Vasicek Quantile Regression in Stan

stan
quantile
Author

Sean Pinkney

Published

October 14, 2022

In this post I’ll show a way to do quantile regression on a bounded unit interval. The Vasicek distribution is an alternative distribution for beta regressions and is described in Mazucheli et al. (2022). The Vasicek distribution is given as

\[ \begin{aligned} f(y \mid \alpha, \theta) &= \sqrt{\frac{1 - \theta}{\theta}} \exp \bigg\{\frac{1}{2} \bigg[\Phi^{-1}(y)^2 - \bigg(\frac{\Phi^{-1}(y) \sqrt{1 - \theta} - \Phi^{-1}(\alpha)}{\sqrt{\theta}} \bigg)^2 \bigg\} \\ F(y \mid \alpha, \theta) &= \Phi \bigg( \frac{\Phi^{-1}(y) \sqrt{1 - \theta} - \Phi^{-1}(\alpha)}{\sqrt{\theta}} \bigg) \\ Q(\tau \mid \alpha, \theta) &= F^{-1}(\tau \mid \alpha, \theta) = \Phi \bigg( \frac{\Phi^{-1}(\alpha) + \Phi^{-1}(\tau) \sqrt{\theta}}{\sqrt{1 - \theta}} \bigg) \end{aligned} \] where \(0 < (y, \alpha, \theta, \tau) < 1\) and \(\Phi\) and \(\Phi^{-1}\) are the standard normal CDF and QF respectively. The mean of the distribution is \(\operatorname{E}(Y) = \alpha\) and \(\operatorname{Var}(Y) = \Phi_2(\Phi^{-1}(\alpha), \Phi^{-1}(\alpha), \theta)\) where \(\Phi_2\) is the bivariate standard normal CDF.

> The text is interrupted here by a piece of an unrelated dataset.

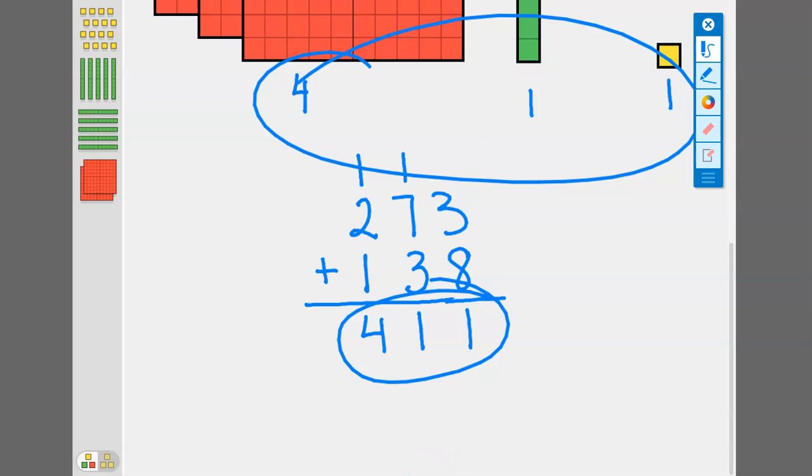I hope this video was helpful for you in explaining why we regroup to the next place value over whenever we're adding and we have more than nine as our sum in each column. If you like this video, please subscribe and hit the like button. That really helps me to make more of these videos for you. Thanks. See you next time.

In the paper they reparameterize the mean in terms of the \(\tau\)-th quantile as \[ \alpha = h^{-1}(\mu) = \Phi(\Phi^{-1}(\mu)\sqrt{1 - \theta} - \Phi^{-1}(\tau)\sqrt{\theta}). \] Given this reparmeterization the log-likelihood is \[ \begin{aligned} \ell( \mu, \theta \mid y, \tau) = \;& \frac{n}{2}\log\bigg(\frac{1 - \theta}{\theta} \bigg) - \frac{\Phi^{-1}(y)^\top \Phi^{-1}(y)}{2} - \\ & \frac{1}{2\theta} \sum_{i=1}^{n} \bigg(\sqrt{1 - \theta}\bigg[\Phi^{-1}(y_i) - \Phi^{-1}(\mu) \bigg] + \sqrt{\theta}\Phi^{-1}(\tau) \bigg)^2 \end{aligned} \] The log-likelihood may be written in Stan as:

  real vasicek_quantile_lpdf(vector y, real theta, vector mu, real tau) {
    if (tau <= 0 || tau >= 1) 
      reject("tau must be between 0 and 1 found tau = ", tau);
    
    if (theta <= 0 || theta >= 1) 
      reject("theta must be between 0 and 1 found theta = ", theta);
    
    int N = num_elements(y);
    real lpdf = 0.5 * N * (log1m(theta) - log(theta));
    vector[N] qnorm_mu = inv_Phi(mu);
    real qnorm_tau = inv_Phi(tau);
    vector[N] qnorm_y = inv_Phi(y);
    vector[N] qnorm_alpha = -sqrt(theta) * qnorm_tau + 
                              qnorm_mu * sqrt(1 - theta);
    
    return lpdf + 0.5 * dot_self(qnorm_y) -
            0.5 * sum( (sqrt(1 - theta) * qnorm_y - qnorm_alpha)^2 / theta);
  }

The authors provided an R package vasicekreg where we can check if it results in the same log-likelihood,

library(cmdstanr)
library(vasicekreg)
source("expose_cmdstanr_funs.R")
x <- rVASIQ(n = 1, mu = 0.50, sigma = 0.69, tau = 0.50)
expose_cmdstanr_functions("vasicek.stan", expose_to_global_env = T)
stan_lpdf <- vasicek_quantile_lpdf(x, theta = 0.69, mu = 0.5, tau = 0.5)
r_lpdf <- dVASIQ(x, mu = 0.5, sigma = 0.69, log = T)
all.equal(stan_lpdf, r_lpdf)
[1] TRUE

To expose the Stan function to my R environment I have used the expose_cmdstanr_funs.R script from Rok Češnovar’s repo.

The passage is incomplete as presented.